Antibiotics are commonly used to treat bacterial infections, but issues such as uneven distribution, low bioavailability, and resistance have limited their effectiveness. PEG copolymers can effectively improve antibiotic delivery. For example, PEG-modified nanoparticle carriers can enhance cell uptake and target antibiotics to infection sites, improving efficacy and reducing side effects. Additionally, PEGylation reduces the rapid clearance of drugs in the body, extending their half-life in the bloodstream and ensuring continuous action against infections. PEG copolymers also enhance the effectiveness of antibiotics in treating drug-resistant bacterial infections and minimize adverse effects.

Antiviral Drug Delivery

PEG copolymers have shown great potential in antiviral drug delivery as well.
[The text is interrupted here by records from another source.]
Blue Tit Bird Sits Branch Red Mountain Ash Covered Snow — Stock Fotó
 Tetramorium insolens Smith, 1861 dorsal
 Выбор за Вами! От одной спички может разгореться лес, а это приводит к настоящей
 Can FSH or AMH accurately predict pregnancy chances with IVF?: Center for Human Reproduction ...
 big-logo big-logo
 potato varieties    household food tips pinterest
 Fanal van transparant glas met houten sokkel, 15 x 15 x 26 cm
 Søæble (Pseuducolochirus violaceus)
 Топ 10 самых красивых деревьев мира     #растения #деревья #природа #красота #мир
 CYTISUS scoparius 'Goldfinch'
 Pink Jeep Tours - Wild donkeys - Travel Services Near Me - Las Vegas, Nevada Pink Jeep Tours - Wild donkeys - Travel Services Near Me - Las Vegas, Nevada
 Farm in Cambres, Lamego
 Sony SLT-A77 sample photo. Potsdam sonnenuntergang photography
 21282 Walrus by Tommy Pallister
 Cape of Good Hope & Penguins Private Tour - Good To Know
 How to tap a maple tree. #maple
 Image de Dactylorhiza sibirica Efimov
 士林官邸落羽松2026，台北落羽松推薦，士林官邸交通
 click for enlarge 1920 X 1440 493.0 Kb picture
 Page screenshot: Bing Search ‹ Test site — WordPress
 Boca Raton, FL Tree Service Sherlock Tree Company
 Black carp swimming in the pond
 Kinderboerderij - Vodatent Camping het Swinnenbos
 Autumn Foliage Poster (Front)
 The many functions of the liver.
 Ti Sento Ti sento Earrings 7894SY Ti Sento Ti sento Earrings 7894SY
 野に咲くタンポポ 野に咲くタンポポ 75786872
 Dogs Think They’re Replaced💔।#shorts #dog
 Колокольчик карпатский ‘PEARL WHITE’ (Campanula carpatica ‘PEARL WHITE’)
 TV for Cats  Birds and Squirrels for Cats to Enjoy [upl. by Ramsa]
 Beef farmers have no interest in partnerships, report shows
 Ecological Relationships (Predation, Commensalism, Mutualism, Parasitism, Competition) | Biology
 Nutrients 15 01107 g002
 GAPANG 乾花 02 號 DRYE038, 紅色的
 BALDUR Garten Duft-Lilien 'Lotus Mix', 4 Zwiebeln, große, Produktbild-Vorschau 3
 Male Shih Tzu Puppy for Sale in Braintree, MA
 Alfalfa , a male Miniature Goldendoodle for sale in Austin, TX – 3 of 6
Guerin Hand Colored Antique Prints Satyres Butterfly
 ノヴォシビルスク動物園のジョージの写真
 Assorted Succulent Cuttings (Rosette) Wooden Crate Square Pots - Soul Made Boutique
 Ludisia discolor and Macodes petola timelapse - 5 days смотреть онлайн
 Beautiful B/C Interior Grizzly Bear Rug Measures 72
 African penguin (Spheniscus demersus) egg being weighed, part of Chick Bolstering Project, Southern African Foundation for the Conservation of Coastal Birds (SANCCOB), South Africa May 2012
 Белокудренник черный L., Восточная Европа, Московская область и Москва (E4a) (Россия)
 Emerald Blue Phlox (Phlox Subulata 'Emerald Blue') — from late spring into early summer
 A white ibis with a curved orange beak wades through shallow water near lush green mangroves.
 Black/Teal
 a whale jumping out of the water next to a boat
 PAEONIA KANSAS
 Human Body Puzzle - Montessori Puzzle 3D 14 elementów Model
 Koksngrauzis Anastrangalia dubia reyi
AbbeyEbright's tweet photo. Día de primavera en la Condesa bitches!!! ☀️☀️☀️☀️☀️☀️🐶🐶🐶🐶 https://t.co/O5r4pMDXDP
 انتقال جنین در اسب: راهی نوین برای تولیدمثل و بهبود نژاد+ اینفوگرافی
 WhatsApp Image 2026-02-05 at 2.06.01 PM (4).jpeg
Antiviral drugs typically face challenges such as low solubility, poor stability, and significant side effects. PEG copolymers can overcome these challenges by enhancing drug solubility, improving bioavailability, and enabling targeted delivery. For example, PEG-modified nanoparticles can effectively encapsulate antiviral drugs and deliver them to infection sites, increasing local drug concentration while reducing systemic toxicity. In the treatment of viral infections such as HIV and hepatitis B, the use of PEG-drug carriers has been shown to significantly improve efficacy and reduce toxic side effects. Additionally, PEGylation reduces the clearancse rate of drugs in the body, ensuring the drug remains effective at therapeutic concentrations for extended periods.